=== RAW DATA ===
- - - - -

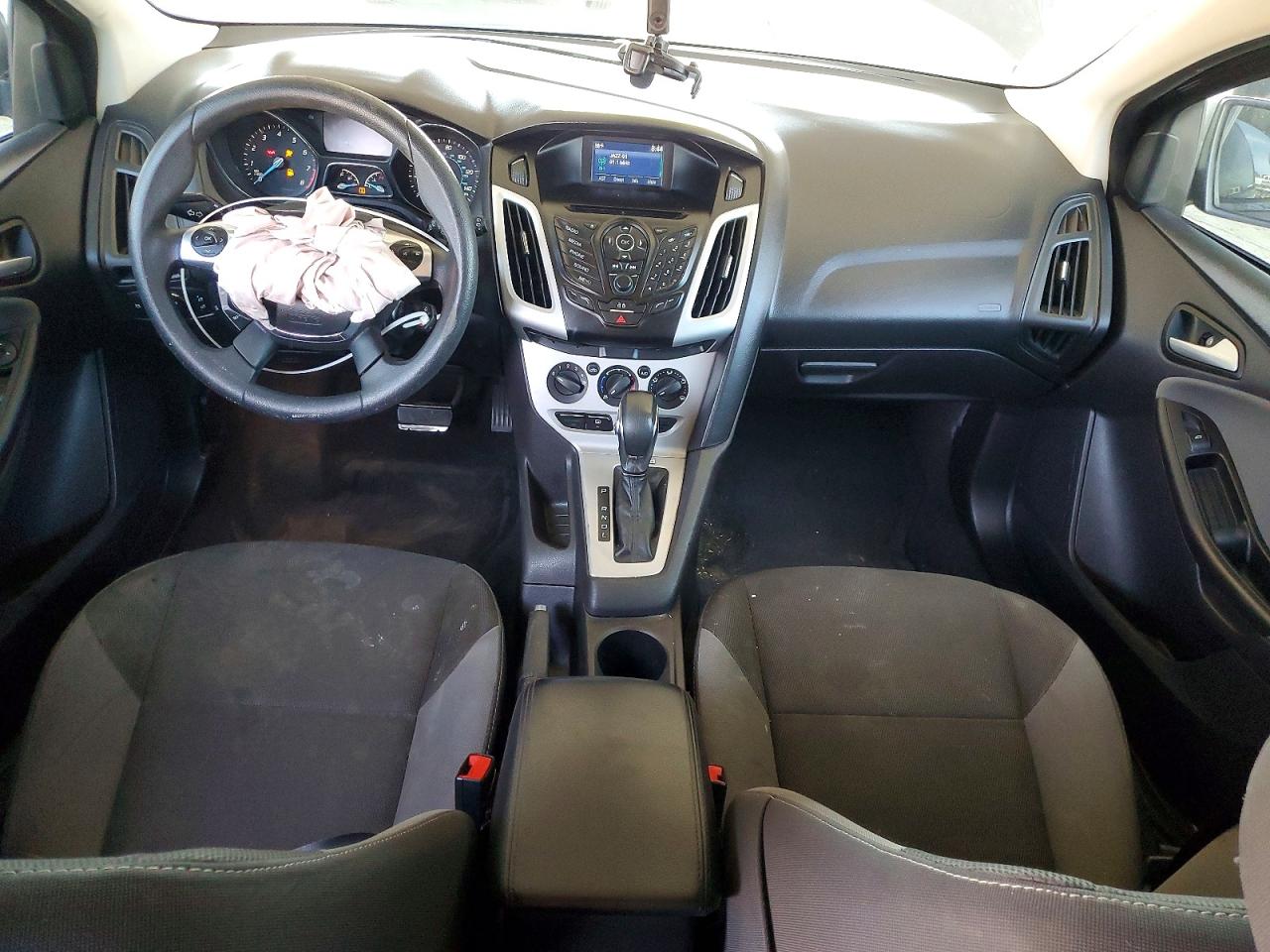 2014 Ford Focus Gray vin: 1FADP3K25EL363337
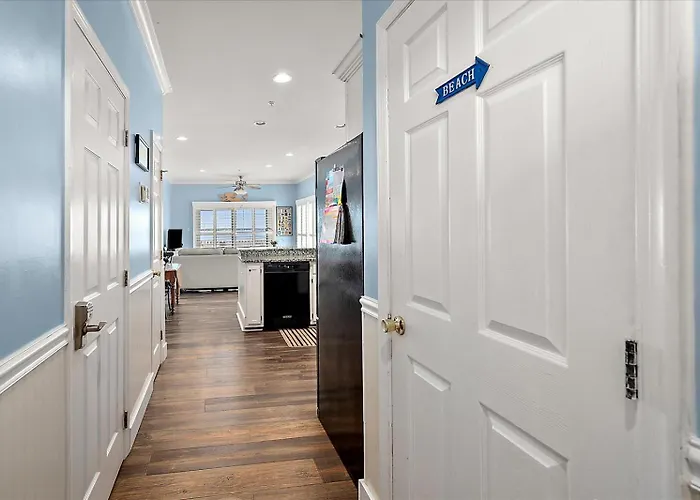 Holiday home 2 Bedroom With Phenomenal Bay View!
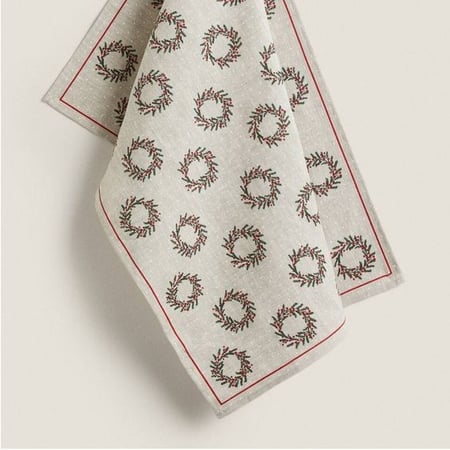 مفرش الاكليل الشتوي - المنزل الريفي الهادئ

- - - - -

=== ASSIGNED TASK ===
Word for word, repeat the material above and drop the pictures.

=== OUTPUT OF THE EXERCISE ===
 2014 Ford Focus Gray vin: 1FADP3K25EL363337
 Holiday home 2 Bedroom With Phenomenal Bay View!
 مفرش الاكليل الشتوي - المنزل الريفي الهادئ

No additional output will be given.